- _Directions for this task_
In the records below, find the line containing "a view of an empty room with a window"; restate it and every later line word for word, through the last.
[Dataset records — start]
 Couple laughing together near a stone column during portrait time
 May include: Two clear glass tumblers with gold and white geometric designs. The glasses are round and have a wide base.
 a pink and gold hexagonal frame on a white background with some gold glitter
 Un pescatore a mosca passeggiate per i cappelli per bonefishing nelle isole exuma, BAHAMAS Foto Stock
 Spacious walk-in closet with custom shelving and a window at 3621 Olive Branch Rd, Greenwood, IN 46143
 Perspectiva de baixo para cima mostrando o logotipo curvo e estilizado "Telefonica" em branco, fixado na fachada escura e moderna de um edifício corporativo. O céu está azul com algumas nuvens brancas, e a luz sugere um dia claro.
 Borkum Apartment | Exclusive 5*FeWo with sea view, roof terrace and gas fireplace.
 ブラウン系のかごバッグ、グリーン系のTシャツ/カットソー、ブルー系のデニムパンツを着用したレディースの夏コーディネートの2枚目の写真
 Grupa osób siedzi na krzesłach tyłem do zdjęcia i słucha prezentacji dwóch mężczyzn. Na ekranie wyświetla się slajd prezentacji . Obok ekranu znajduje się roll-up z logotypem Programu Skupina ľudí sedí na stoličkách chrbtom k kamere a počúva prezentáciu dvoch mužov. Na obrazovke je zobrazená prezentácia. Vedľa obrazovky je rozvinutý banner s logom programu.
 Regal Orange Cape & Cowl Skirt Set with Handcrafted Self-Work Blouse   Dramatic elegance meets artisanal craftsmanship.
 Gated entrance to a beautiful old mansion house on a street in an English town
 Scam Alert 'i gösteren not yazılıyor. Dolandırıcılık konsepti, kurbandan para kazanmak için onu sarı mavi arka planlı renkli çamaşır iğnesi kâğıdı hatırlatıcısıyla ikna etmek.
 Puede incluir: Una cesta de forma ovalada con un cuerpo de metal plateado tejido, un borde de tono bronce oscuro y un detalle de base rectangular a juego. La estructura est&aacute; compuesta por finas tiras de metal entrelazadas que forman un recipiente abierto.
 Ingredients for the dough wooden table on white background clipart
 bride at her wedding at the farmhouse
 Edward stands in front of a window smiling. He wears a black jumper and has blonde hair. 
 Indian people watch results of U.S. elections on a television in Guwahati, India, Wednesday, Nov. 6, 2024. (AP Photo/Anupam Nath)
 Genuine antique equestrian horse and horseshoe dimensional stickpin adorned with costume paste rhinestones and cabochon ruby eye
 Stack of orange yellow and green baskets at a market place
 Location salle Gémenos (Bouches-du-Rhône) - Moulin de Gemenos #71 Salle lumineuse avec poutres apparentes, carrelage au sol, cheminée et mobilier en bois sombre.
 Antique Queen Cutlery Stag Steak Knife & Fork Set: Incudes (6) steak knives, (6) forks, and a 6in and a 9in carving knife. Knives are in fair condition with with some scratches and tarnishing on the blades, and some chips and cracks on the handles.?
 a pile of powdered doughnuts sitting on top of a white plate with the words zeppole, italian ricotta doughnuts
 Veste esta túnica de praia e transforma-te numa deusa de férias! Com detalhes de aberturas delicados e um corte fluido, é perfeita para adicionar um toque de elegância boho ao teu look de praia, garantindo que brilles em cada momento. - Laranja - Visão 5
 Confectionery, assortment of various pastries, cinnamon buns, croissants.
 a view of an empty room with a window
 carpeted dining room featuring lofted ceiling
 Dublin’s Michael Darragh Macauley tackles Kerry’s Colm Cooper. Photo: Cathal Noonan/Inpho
[Dataset records — finish]
- _Your solution_
 a view of an empty room with a window
 carpeted dining room featuring lofted ceiling
 Dublin’s Michael Darragh Macauley tackles Kerry’s Colm Cooper. Photo: Cathal Noonan/Inpho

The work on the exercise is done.